Everything from the line that contains "多色ジェルネイル100個セット スライドケース付き" to the final line of the data, both ends included, must be set down exactly, apart from the pictures.

______________________________

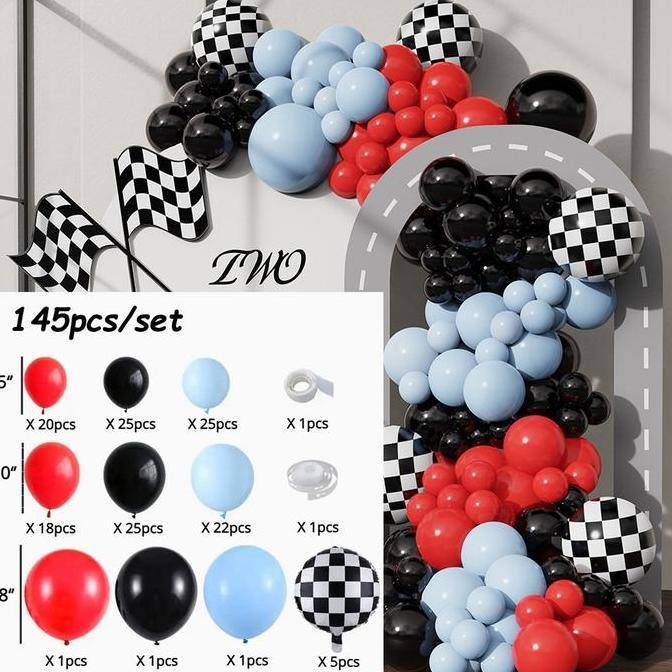 Gambar Kit Lengkungan Karangan Bunga Dekorasi Latex Balon Mobil Balap Dekorasi Baby Shower Pesta Ulang Tahun Anak Laki-Laki Lateks Merah Hitam Biru Balon Dekor - A dari hamdallah store id undefined Tokopedia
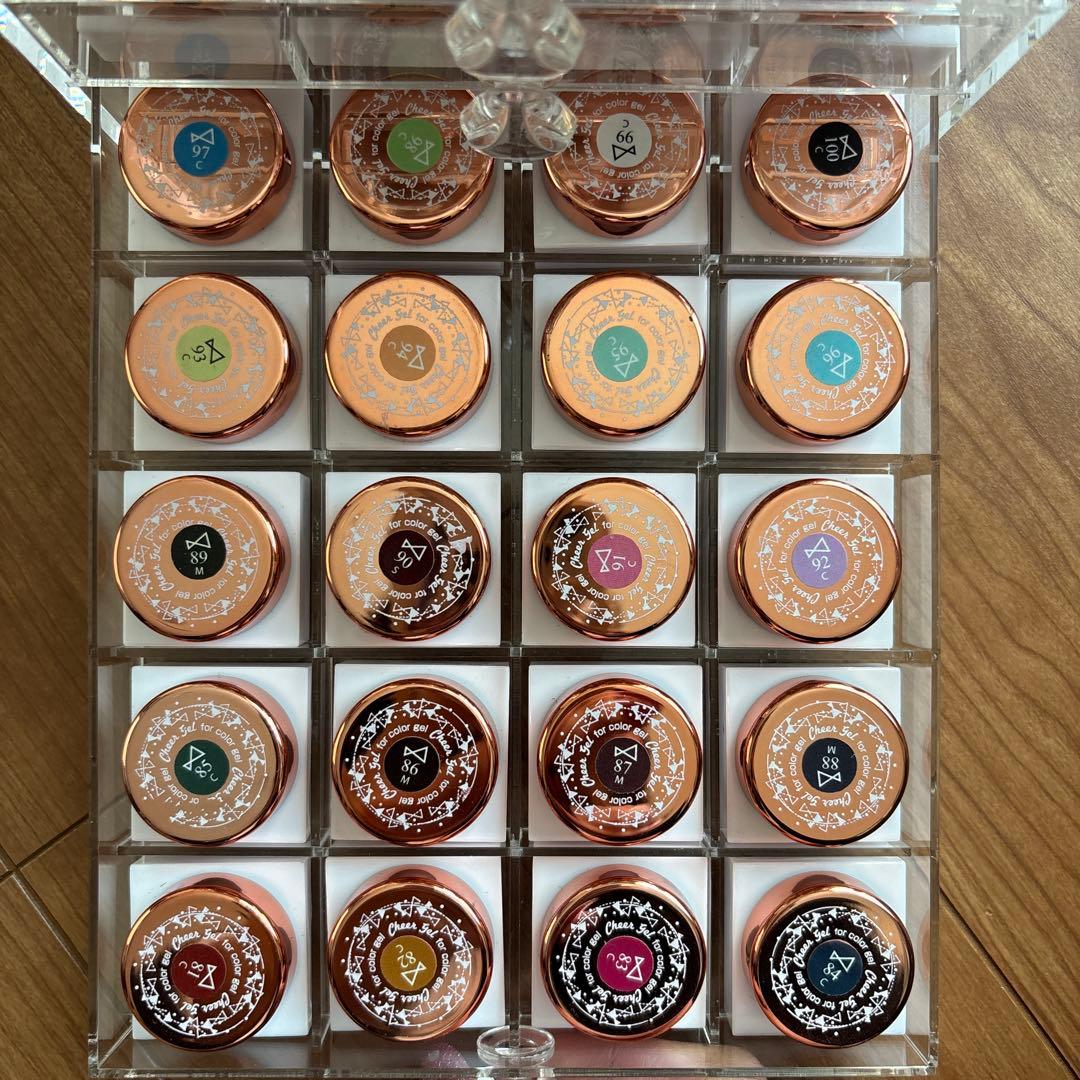 多色ジェルネイル100個セット スライドケース付き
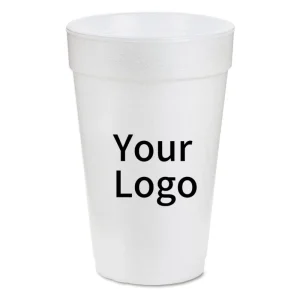 Custom Logo 16oz Disposable White Styrofoam Cups LOW MOQ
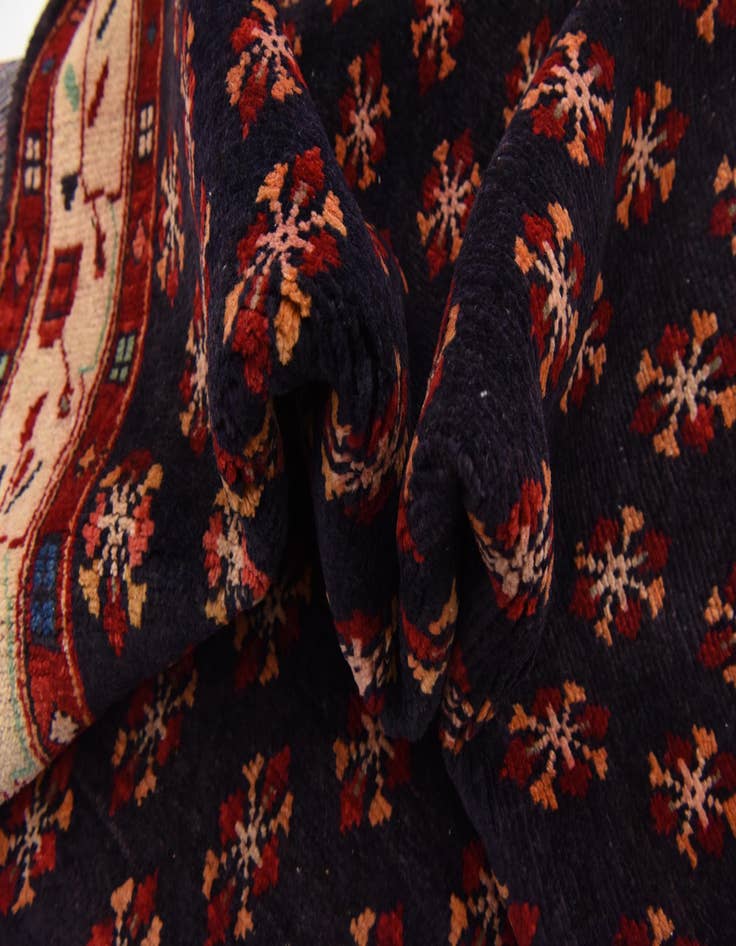 Detail image of 4' 3 x 11' 1  Hand Knotted Hamedan Persian Wool Runner Rug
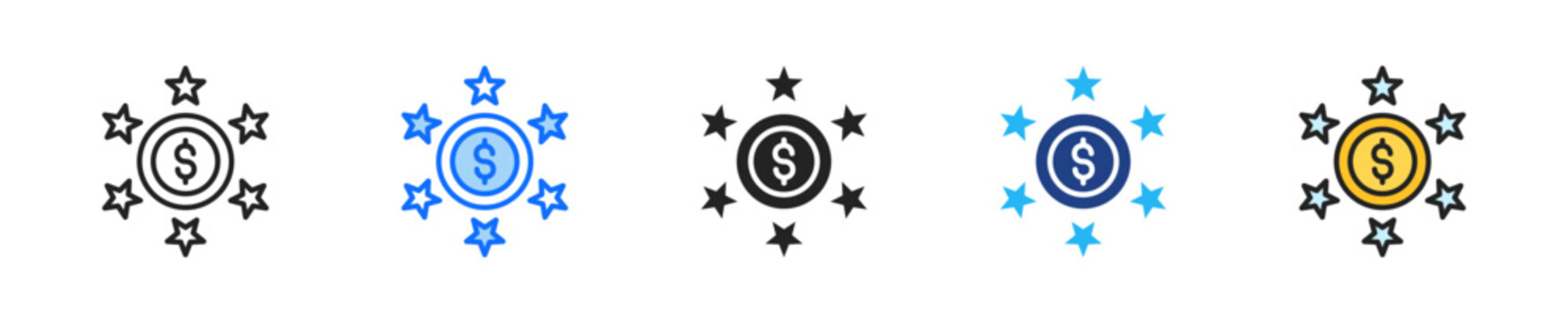 Customer Value Icon Set Multiple Style Collection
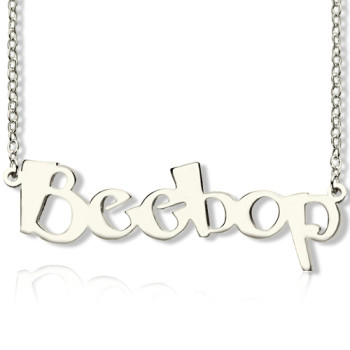 Solid White Gold Personalised Beetle font Letter Name Necklace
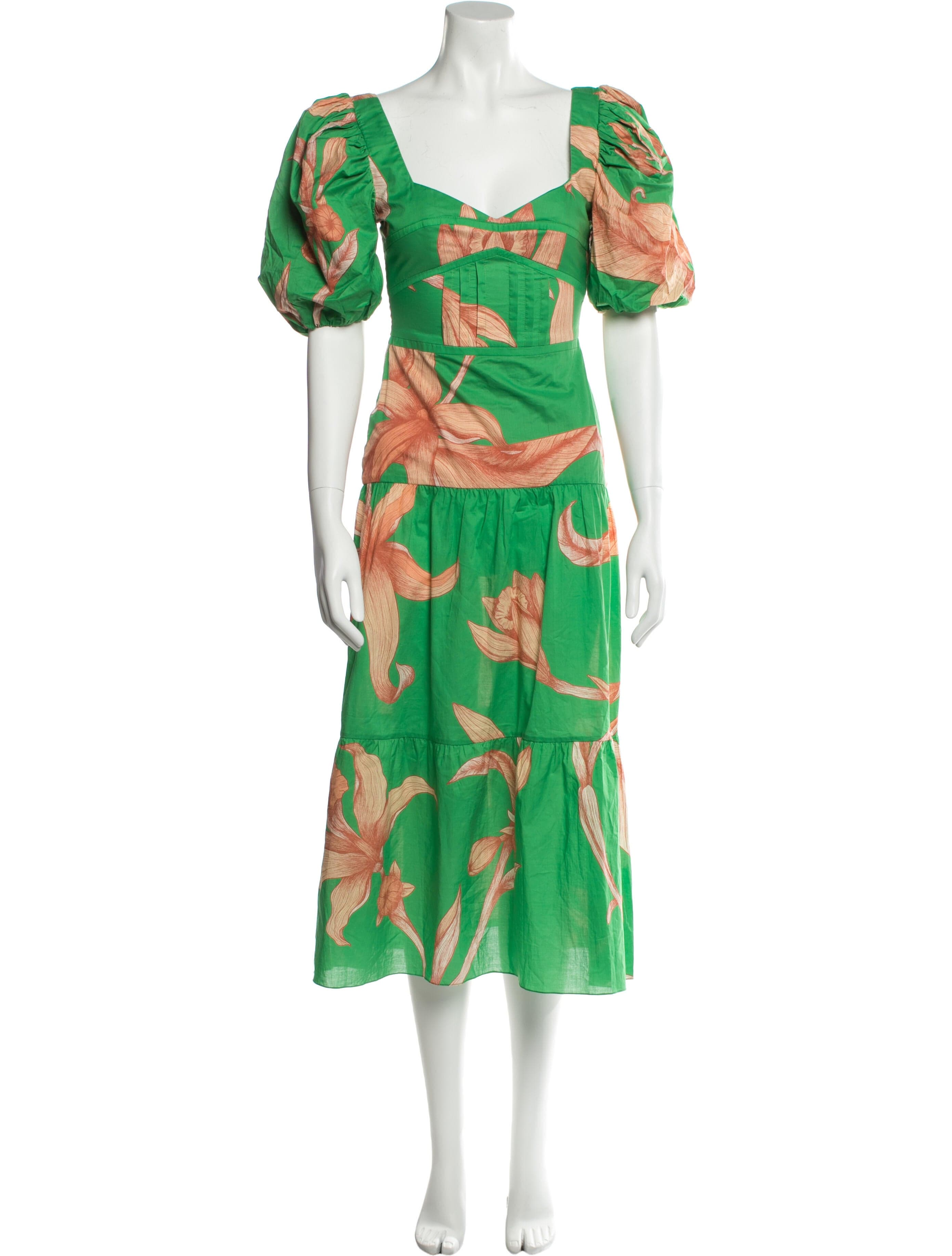 Floral Print Midi Length Dress - Image 1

______________________________

▶ **Solution for this task**
 多色ジェルネイル100個セット スライドケース付き
 Custom Logo 16oz Disposable White Styrofoam Cups LOW MOQ
 Detail image of 4' 3 x 11' 1  Hand Knotted Hamedan Persian Wool Runner Rug
 Customer Value Icon Set Multiple Style Collection
 Solid White Gold Personalised Beetle font Letter Name Necklace
 Floral Print Midi Length Dress - Image 1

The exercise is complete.